In 1992, the Mariners were all but moved to Tampa until a Japanese billionaire came out of nowhere to buy the club to keep it in Seattle. The American League tried to stop it, was accused of xenophobia and racism by Seattle and the nation, and relented. Guy still hasn’t seen his first Mariners game in person.

In 1996, trucks carried the Seahawks franchise to Los Angeles, where the team attempted to relocate without having a place to relocate. The NFL ordered the team back to Seattle.

In 2006, the Sonics abruptly were sold to out-of-towners because the arena that was updated 11 years earlier with $100 million in public money was declared economically obsolete. In order to get a $45 million settlement, the city dropped a winnable lawsuit that would have kept the team two more years. Five years later, the city is loaning $200 million to build a new arena for an NBA team that, coupled with the franchise purchase, will have a public-private cost of more than $1 billion. And it may not be sufficient.

Pro sports is a dumbfounding, exasperating, nearly lawless industry, loaded with more charlatans, narcissists, miscreants, outlaws and wastrels than your average House of Representatives.

For sports fans used to investing two or three hours in a contest and getting a result, the secrecy, process and deceit of franchise manipulations are epic aggravations. Yet fans riven with emotion about getting/keeping an NBA team crave any information that tells them what they want to hear.
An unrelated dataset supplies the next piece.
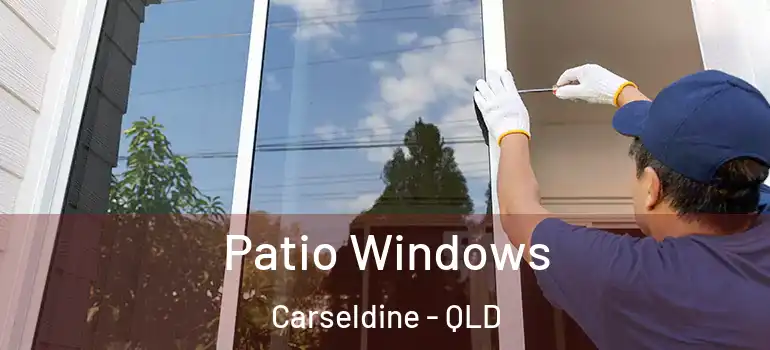  Patio Windows Carseldine - QLD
As it stands now, the public knows some things about the fate of the Kings franchise, but can conclude nothing about the outcome because so few facts have been disclosed. The game is still being played. Seattle’s history with its franchises was provided above because the common thread is that most of what was believed at the time turned out to be wrong.
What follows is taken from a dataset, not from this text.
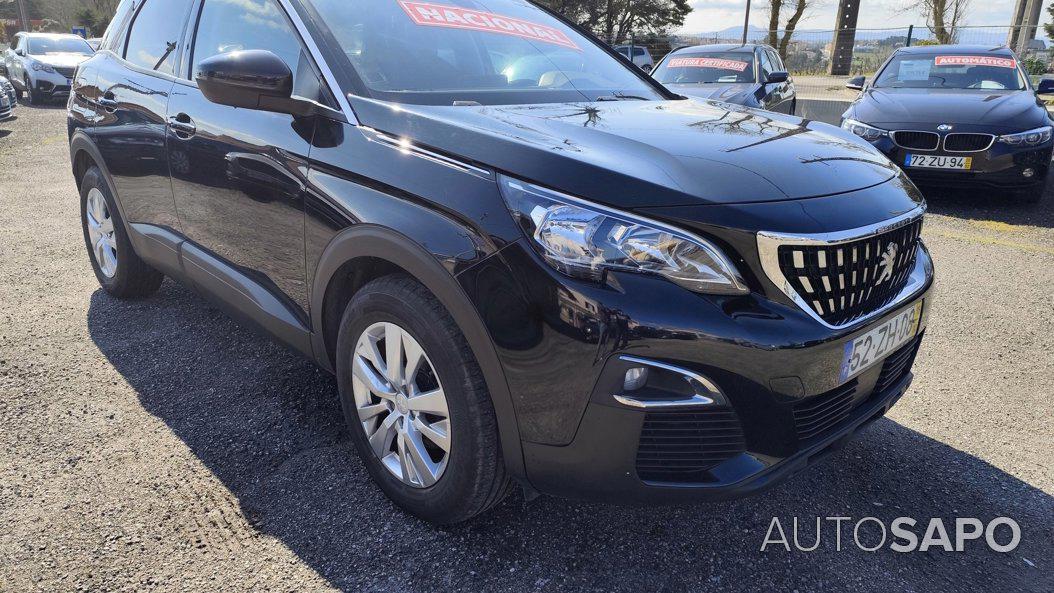 Peugeot 3008 de 2019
Most people in Seattle believed the Pilots could not be yanked after a year. They were wrong.

Most people in Seattle believed the Mariners would never find a buyer to keep the team here. They were wrong.

Most people in Seattle believed that when the trucks pulled out of Kirkland, the Seahawks were gone. They were wrong.
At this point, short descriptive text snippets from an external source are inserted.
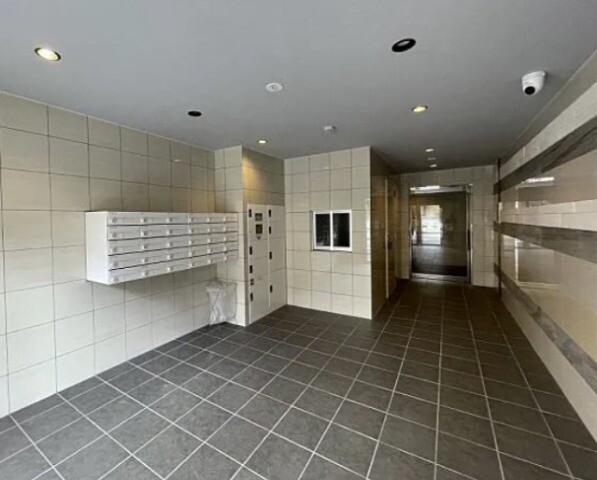 リヴシティ西川口五番館 エントランス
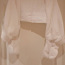 Свадебное платье 42-44,сапоги 37,фата,подъюбник, накидка (фото #5)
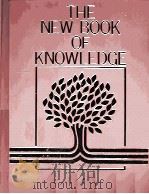 THE NEW BOOK OF KNOWLEDGE  VOLUME 1 A 1991     PDF电子版封面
Most people in Seattle believed that 41 years of history, tradition and excitement around the Sonics, not to mention $100 million, were worth something to the NBA. They were wrong.

So much for conventional wisdom in pro sports.

Today, fans in Seattle want to believe that Chris Hansen, who seems genuinely to be the antithesis of the stereotypical sports mogul described above, has done enough of the right things to get an arena built and a team purchased.

Just as eager are the sports fans in Sacramento, whose mayor, Kevin Johnson, has spent the last three All-Star Game weekends lobbying NBA owners to keep the Kings in his town. As indefatigable as is Hansen, so is Johnson, who helped assemble a counteroffer to the NBA Friday that included wealthy investors as capable of the big buy-in as Steve Ballmer and the Nordstroms in Seattle.

In January, shortly after the Hansen purchase agreement was announced, NBA commiss- ioner David Stern met with Ron Burkle, an owner of the NHL Pittsburgh Penguins, who was identified as the arena devel- oper in Sacramento. Stern appears to be taking him seriously.

Over the last decade I have learned to be skeptical about whatever Stern says regarding the business of his franchises, because his remarks are designed to manipulate, deflect or obscure the public’s understanding. As an example, at the All-Star Game, he was asked a question about Seattle’s support for pro sports, and he replied that the Seahawks and Mariners were given public subsidies, but there was none for the Sonics. He deliberately ignored the $100 million in 1993 that paid for the renovation that became KeyArena.

That’s the kind of prevarication that makes him so untrustworthy. But he did answer another question in an intriguing way.

“I don’t see any scenario where both cities are happy,” he said. What he inferred, and another answer supported, is that expansion is not under consideration.

I think he’s lying to drive up the value of the Kings.